She thought this of men; and she liked men by choice. She had old nurse's
preference for the lustier male child. The others are puling things,
easier to rear, because they bend better; and less esteemed, though they
give less trouble, rouse less care. But when it came to the duel between
the man and the woman, her sense of justice was moved to join her with
the party of her unfairly handled sisters--a strong party, if it were not
so cowardly, she had to think.
Mr. Eglett, her husband, accepted her--accepted the position into which
he naturally fell beside her, and the ideas she imposed on him; for she
never went counter to his principles.
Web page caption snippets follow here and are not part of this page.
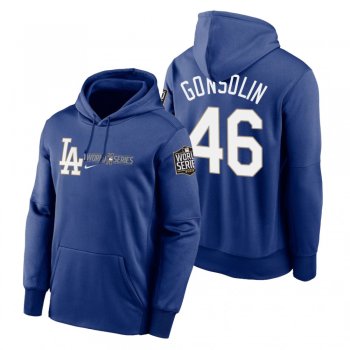 Los Angeles Dodgers Tony Gonsolin Royal 2020 World Series Authentic Collection Hoodie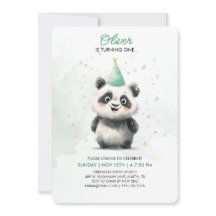 Editable Panda First Birthday-inbjudan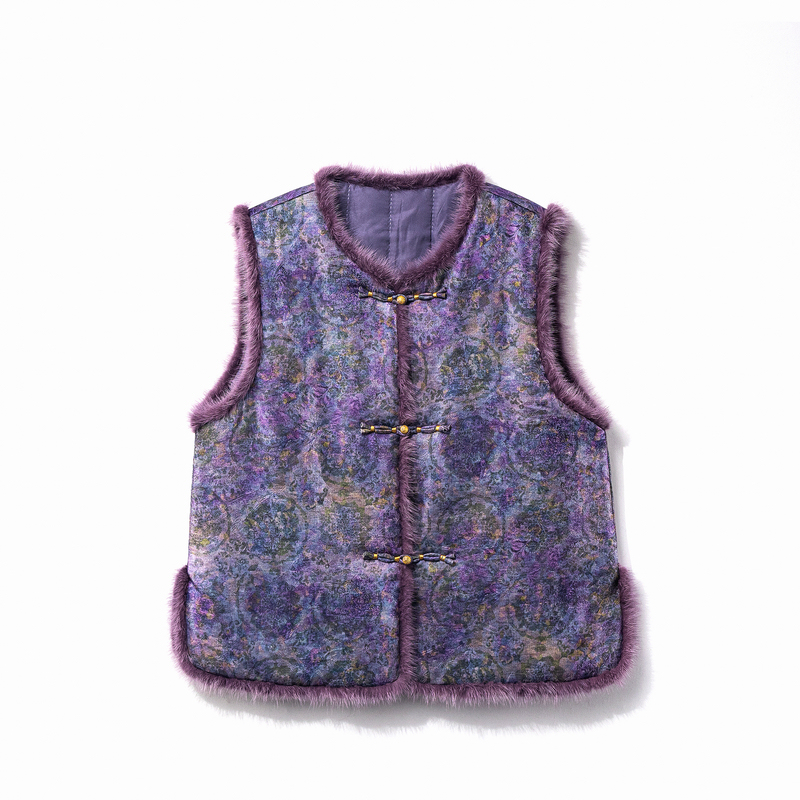 【紫夜】2025新款马甲女式新中式宽松国风加棉加厚水貂毛毛上衣马夹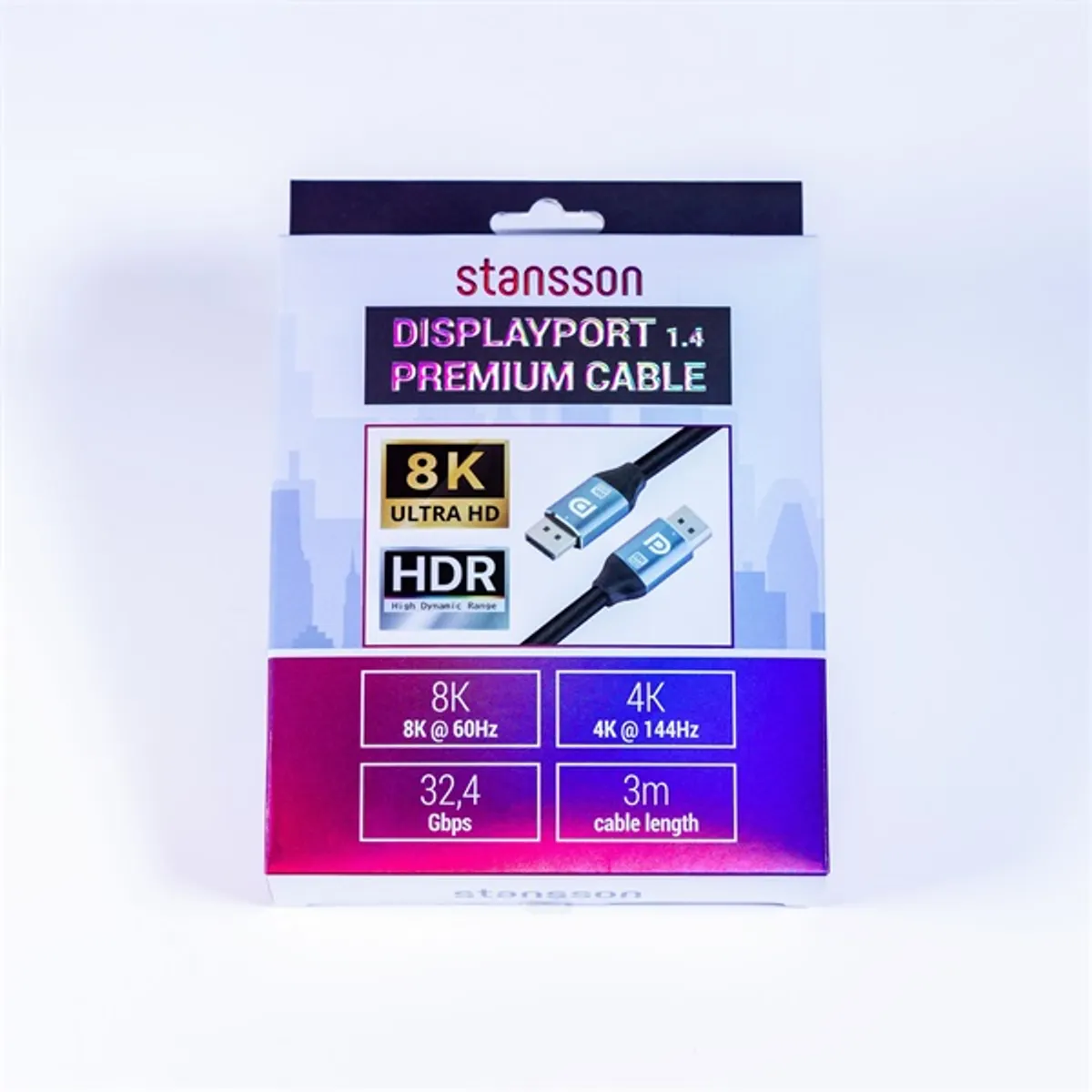 STANSSON SIC-DPHQ-007-D DisplayPort-DisplayPort kábel 3 m v1.4 fekete #2
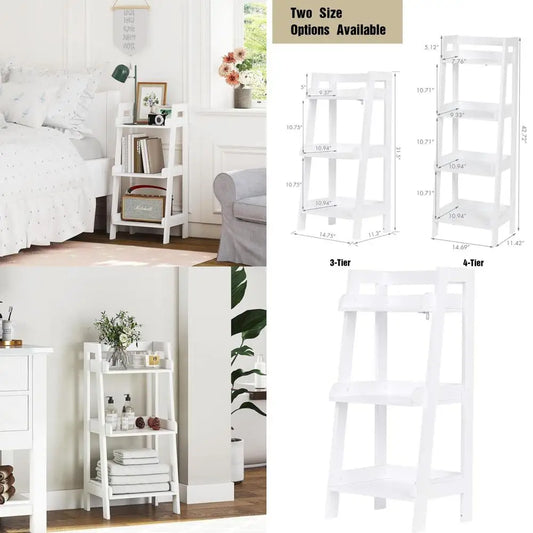 3-Tier Open Wooden Ladder Shelf, Space-Saving White Bathroom Storage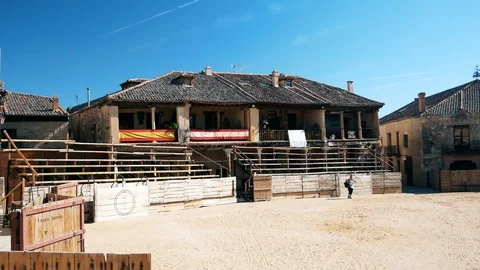 A bullring in Pedraza Stock Footage 123384153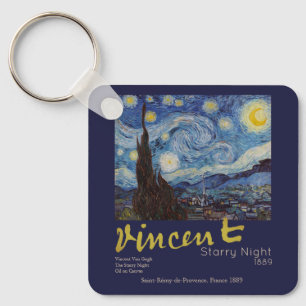 Van Gogh Starry Night Vintage Blue Masterpiece Keychain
These were the fixed principles of
a very wealthy man, who abhorred debt, and was punctilious in veracity,
scrupulous in cleanliness of mind and body, devoted to the honour of his
country, the interests of his class. She respected the high landmark
possessing such principles; and she was therefore enabled to lead without
the wish to rule. As it had been between them at the beginning, so it was
now, when they were grandparents running on three lines of progeny from
two daughters and a son: they were excellent friends. Few couples can say
more. The union was good English grey--that of a prolonged November, to
which we are reconciled by occasions for the hunt and the gun. She was,
nevertheless, an impassioned woman. The feeling for her brother helped to
satisfy her heart's fires, though as little with her brother as with her
husband was she demonstrative. Lord Ormont disrelished the caresses of
relatives.
She, for her part, had so strong a sympathy on behalf of poor gentlemen
reduced to submit to any but a young woman's hug, that when, bronzed from
India, he quitted the carriage and mounted her steps at Olmer, the desire
to fling herself on his neck and breast took form in the words: "Here you
are home again, Rowsley; glad to have you." They shook hands firmly.
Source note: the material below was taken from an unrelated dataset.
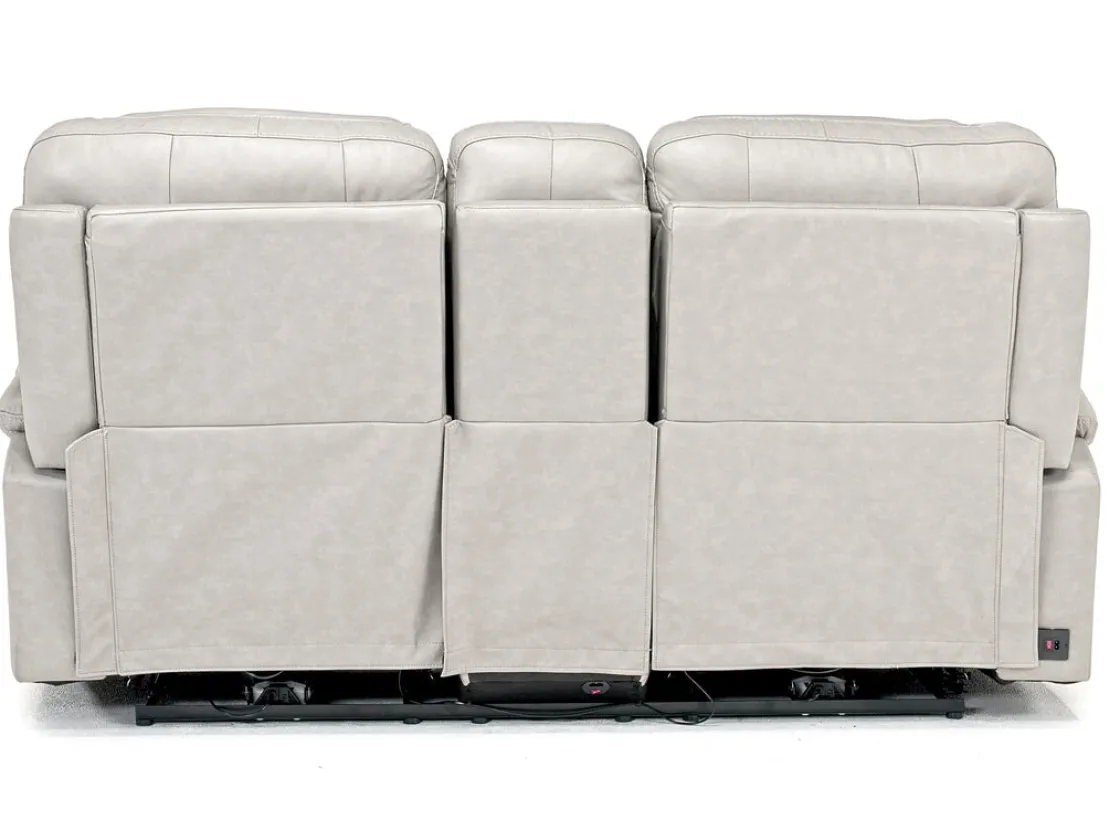 Mor Furniture Malibu 3 Power Console Loveseat W/ Wireless Charger In Leather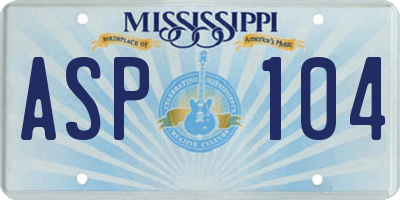 MS license plate ASP104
He remained three days at Olmer. His temper was mild, his frame of mind
bad as could be. Angry evaporations had left a residuum of solid scorn
for these "English," who rewarded soldierly services as though it were a
question of damaged packages of calico. He threatened to take the first
offer of a foreign State "not in insurrection." But clear sky was
overhead. He was the Rowsley of the old boyish delight in field sports,
reminiscences of prowlings and trappings in the woods, gropings along
water-banks, enjoyment of racy gossip. He spoke wrathfully of "one of
their newspapers" which steadily persisted in withholding from
publication every letter he wrote to it, after printing the first. And if
it printed one, why not the others?
Lady Charlotte put it on the quaintness of editors.
He had found in London, perhaps, reason for saying that he should do well
to be "out of this country" as early as he could; adding, presently, that
he meant to go, though "it broke his heart to keep away from a six
months' rest at Steignton," his Wiltshire estate.
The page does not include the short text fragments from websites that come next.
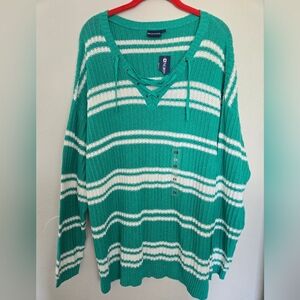Northcrest Womens Green and White Striped Long Sleeve Sweater Size 2XL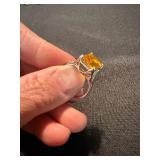Sterling 925 Multicolor Gem Ring & Amber Tone Statement Ring Lot
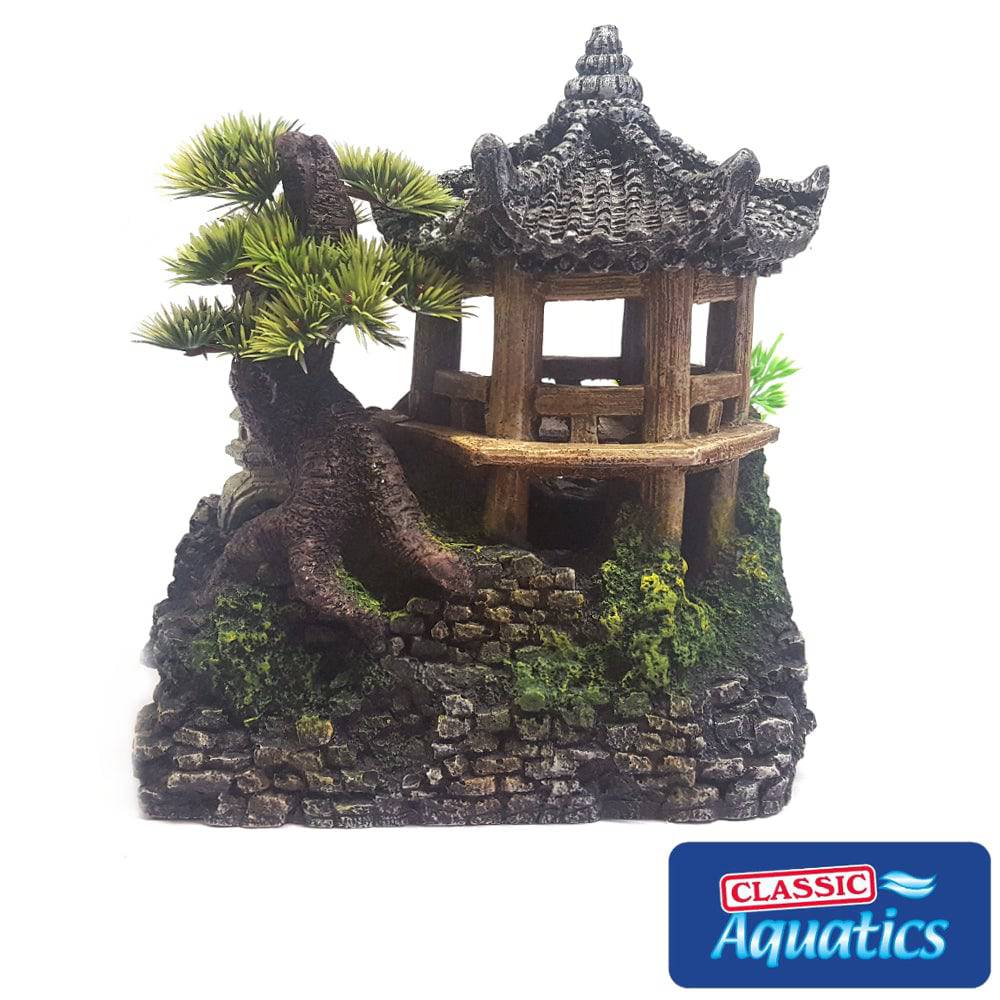 Classic Aquatics Pagoda House & Plants Aquarium Ornament Decoration - Real Aquatics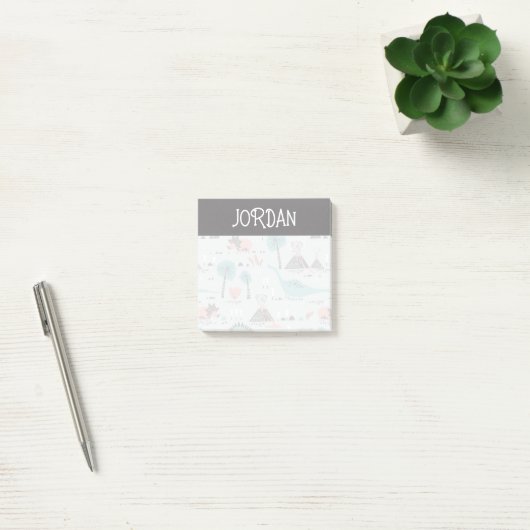 Cute Pastel Dinosaur Pattern Post-it® Notes (Kantoor)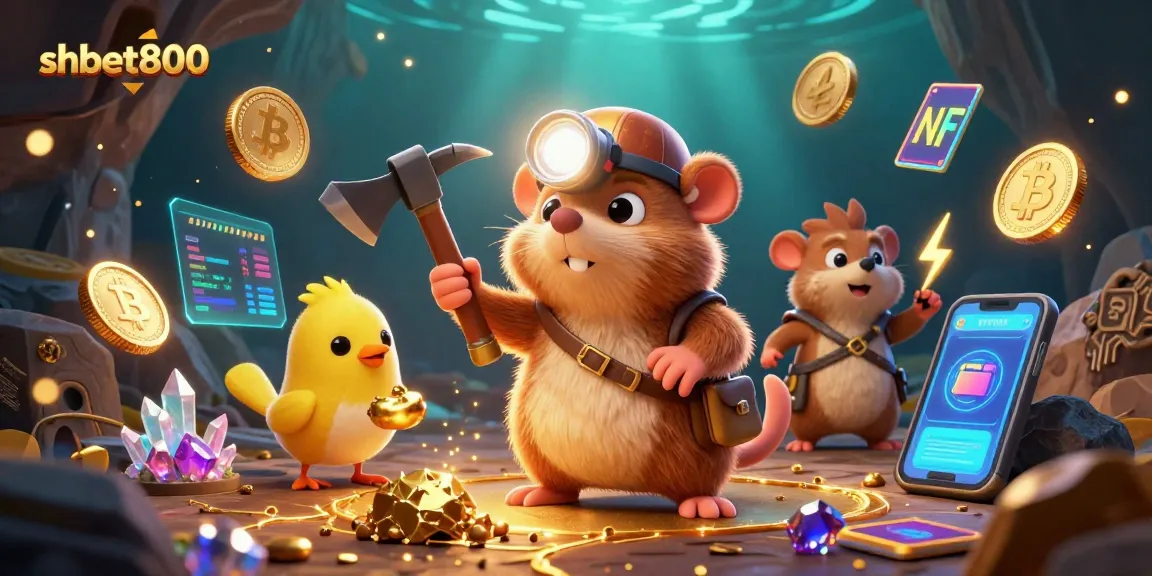 Mining for treasures in shbet800's casino realm with dynamic cryptocurrency elements surrounding lively characters.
No woman was in the field. Lady Charlotte could have submitted to the
intrusion of one of those at times wholesome victims, for the sake of the
mollification the unhappy proud thing might bring to a hero smarting
under injustice at the hands of chiefs and authorities.
He passed on to Steignton, returned to London, and left England for
Spain, as he wrote word, saying he hoped to settle at Steignton neat
year. He was absent the next year, and longer. Lady Charlotte had the
surprising news that Steignton was let, shooting and all, for five years;
and he had no appointment out of England or at home. When he came to
Olmer again he was under one of his fits of reserve, best undisturbed.
Her sympathy with a great soldier snubbed, an active man rusting, kept
her from remonstrance.
Three years later she was made meditative by the discovery of a woman's
being absolutely in the field, mistress of the field; and having been
there for a considerable period, dating from about the time when he
turned his back on England to visit a comrade-in-arms condemned by the
doctors to pass the winter in Malaga; and it was a young woman, a girl in
her teens, a handsome girl. Handsome was to be expected; Ormont bargained
for beauty. But report said the girl was very handsome, and showed
breeding: she seemed a foreigner, walked like a Goddess, sat her horse
the perfect Amazon. Rumour called her a Spaniard.
"Not if she rides!" Lady Charlotte cut that short.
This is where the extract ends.